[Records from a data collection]
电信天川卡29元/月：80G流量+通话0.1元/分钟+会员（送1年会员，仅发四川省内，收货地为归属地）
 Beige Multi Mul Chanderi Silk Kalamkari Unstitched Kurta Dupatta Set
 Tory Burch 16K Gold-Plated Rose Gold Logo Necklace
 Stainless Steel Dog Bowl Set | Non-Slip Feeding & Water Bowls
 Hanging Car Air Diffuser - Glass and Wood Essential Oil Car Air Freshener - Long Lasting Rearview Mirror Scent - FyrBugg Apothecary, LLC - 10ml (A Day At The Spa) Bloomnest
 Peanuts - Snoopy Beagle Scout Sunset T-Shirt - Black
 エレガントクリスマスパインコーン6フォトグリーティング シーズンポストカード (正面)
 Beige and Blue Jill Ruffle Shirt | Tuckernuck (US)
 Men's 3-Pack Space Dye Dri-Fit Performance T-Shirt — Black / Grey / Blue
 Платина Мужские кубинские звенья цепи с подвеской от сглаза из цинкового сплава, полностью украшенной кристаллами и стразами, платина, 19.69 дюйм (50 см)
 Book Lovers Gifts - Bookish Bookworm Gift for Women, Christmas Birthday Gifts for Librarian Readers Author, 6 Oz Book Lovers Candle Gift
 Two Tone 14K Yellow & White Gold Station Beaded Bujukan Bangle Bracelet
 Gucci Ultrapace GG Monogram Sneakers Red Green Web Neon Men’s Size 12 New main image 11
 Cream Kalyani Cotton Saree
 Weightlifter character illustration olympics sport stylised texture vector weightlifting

WORK ITEM:
Starting from the line with "Tory Burch 16K", write out every remaining line of the data above exactly, the final line included, and nothing before it.

EXERCISE RESULT:
 Tory Burch 16K Gold-Plated Rose Gold Logo Necklace
 Stainless Steel Dog Bowl Set | Non-Slip Feeding & Water Bowls
 Hanging Car Air Diffuser - Glass and Wood Essential Oil Car Air Freshener - Long Lasting Rearview Mirror Scent - FyrBugg Apothecary, LLC - 10ml (A Day At The Spa) Bloomnest
 Peanuts - Snoopy Beagle Scout Sunset T-Shirt - Black
 エレガントクリスマスパインコーン6フォトグリーティング シーズンポストカード (正面)
 Beige and Blue Jill Ruffle Shirt | Tuckernuck (US)
 Men's 3-Pack Space Dye Dri-Fit Performance T-Shirt — Black / Grey / Blue
 Платина Мужские кубинские звенья цепи с подвеской от сглаза из цинкового сплава, полностью украшенной кристаллами и стразами, платина, 19.69 дюйм (50 см)
 Book Lovers Gifts - Bookish Bookworm Gift for Women, Christmas Birthday Gifts for Librarian Readers Author, 6 Oz Book Lovers Candle Gift
 Two Tone 14K Yellow & White Gold Station Beaded Bujukan Bangle Bracelet
 Gucci Ultrapace GG Monogram Sneakers Red Green Web Neon Men’s Size 12 New main image 11
 Cream Kalyani Cotton Saree
 Weightlifter character illustration olympics sport stylised texture vector weightlifting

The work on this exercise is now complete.